I can find nothing to recommend Kota Bharu. It is a small frontier city that serves as a staging post for the tourists traveling between Malaysia and Thailand or the Perhintian Island resorts. Nestled in the heart of one of Malaysia's most conservative Islamic provinces, I couldn't even buy a beer that evening. I spent the night in a small hostel near the bus station, the fan doing little to cool the dorm as we all perspired restlessly through the night. The following morning I jumped in the first taxi south to Kuala Besut to catch a "ferry" to the islands. I say ferry, but I actually mean a 4 m speed boat with large outboard engines which powered across the choppy sea, slamming relentlessly into the swell. I arrived at Long Beach on Palau Kecil (which literally means "Little Island") thankful that the bone jarring ride was over, and checked into the first dorm I found. It was very basic - mattress on a broken base, non-flushing toilet (you use a bucket filled with water) and an anemic shower, and a ceiling fan - but for $5 a night I had no complaints. It's not for everyone though, and few people spent more than two nights in the dorm. Fortunately there were plenty of alternative options for accommodation on the island, from basement budget to luxury resort. We had a resident rat in our dorm, one of the girls discovered it had eaten right through her backpack to get at the packet of biscuits in her bag and I had a gecko in my bed one night. This is a lot more alarming than it sounds when you consider that the geckos in Malaysia are 40 cm long! That's a serious amount of lizard to have running over you in the dark! They grow their bugs big in Malaysia and the predators grow larger to eat them. While on the island I also saw a couple of large monitor lizards and a small snake that fell from the trees as I sat on the porch reading.

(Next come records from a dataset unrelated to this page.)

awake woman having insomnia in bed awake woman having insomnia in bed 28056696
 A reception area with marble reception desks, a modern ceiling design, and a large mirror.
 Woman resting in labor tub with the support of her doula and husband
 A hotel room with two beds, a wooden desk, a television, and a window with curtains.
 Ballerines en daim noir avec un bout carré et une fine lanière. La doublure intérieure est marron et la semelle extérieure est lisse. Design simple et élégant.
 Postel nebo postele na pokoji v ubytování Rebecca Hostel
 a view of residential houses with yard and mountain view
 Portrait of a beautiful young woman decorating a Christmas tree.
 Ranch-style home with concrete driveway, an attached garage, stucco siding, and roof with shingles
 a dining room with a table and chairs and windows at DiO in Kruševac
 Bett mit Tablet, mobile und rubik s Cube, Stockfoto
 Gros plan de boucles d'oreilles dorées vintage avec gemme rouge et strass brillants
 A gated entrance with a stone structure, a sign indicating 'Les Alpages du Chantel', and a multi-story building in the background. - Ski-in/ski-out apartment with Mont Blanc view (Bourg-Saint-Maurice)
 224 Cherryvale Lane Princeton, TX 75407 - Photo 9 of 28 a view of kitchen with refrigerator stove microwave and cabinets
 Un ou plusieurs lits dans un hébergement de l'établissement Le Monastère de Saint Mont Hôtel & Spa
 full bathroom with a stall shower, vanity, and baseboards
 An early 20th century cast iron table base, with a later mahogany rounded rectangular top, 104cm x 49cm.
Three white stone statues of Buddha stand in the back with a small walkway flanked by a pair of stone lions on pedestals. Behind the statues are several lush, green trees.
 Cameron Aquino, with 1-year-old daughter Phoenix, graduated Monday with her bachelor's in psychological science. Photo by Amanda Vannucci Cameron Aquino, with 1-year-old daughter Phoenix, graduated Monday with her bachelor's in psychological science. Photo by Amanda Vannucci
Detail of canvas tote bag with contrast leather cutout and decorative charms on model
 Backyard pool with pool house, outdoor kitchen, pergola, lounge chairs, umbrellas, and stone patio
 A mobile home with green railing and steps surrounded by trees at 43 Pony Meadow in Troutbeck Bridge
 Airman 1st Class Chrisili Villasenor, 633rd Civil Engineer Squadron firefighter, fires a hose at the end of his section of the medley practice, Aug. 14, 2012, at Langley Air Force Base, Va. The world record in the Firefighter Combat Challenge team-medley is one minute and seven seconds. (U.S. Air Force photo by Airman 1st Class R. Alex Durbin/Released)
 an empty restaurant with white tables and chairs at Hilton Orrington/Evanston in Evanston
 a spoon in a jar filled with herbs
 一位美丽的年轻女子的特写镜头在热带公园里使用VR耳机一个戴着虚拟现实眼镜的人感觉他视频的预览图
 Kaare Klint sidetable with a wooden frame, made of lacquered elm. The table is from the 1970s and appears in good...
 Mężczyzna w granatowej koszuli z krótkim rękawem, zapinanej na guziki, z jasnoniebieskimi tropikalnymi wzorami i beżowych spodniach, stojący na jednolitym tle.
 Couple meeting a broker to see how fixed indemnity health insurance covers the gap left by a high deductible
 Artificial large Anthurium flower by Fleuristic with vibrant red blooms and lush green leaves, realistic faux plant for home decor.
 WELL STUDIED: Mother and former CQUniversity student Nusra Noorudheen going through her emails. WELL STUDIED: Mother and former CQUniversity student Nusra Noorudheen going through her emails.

The main attraction for me however, was the scuba diving on offer from this group of islands. I didn't know much about the dive sites before I arrived, but I know now that I picked a fantastic spot. There are about 20 dive sites around the Perhintian Islands and they offer good variety in this little location. From shore dives, coral gardens, deep reefs, submerged boulders, sea pinnacles and two ship wrecks there's plenty to see. The Sugar wreck is one of the top wreck sites in Asia - a large cargo ship (~ 85 m long) sank in 2001 after taking on water during a storm (so it's still very much in tact). Lying in only 18 m of water the side of the hull is only 5 m below the surface and with good visibility it makes for a spectacular dive sight - you can see the ship from the speed boat before you enter the water. Wrecks serve as a mecca for fish on an otherwise barren sea floor and we always saw huge schools of fish around the wreck.

My existing Open Water certification did not permit me to dive the wrecks nor attend the night dives, so I immediately signed up for the Advanced Open Water course. Over the course of 3-4 days and 5 training dives (Navigation, Night, Deep, Photography and Wreck) I completed my certification - much easier than the Open Water course. I filled in the time in between with fun dives, tanning on the beach, volleyball and the evenings were spent enjoying fresh seafood BBQs and local Malaysians & guests singing folk songs with guitars near the bonfire on the beach.

The diving was good - Malaysia's tropical reefs have some of the highest fish species diversity in the world. Visibility was about 10 m, sometimes more and sometimes less depending on tides and the severity of the thunder showers the day before. I saw several turtles, barracuda, anemone fish, trigger fish, squid, wrasse, parrot fish, rays, sharks etc. Too many to list them all and the water was like a bath it was so warm (28 - 30 degrees C). A very satisfying week, so relaxing.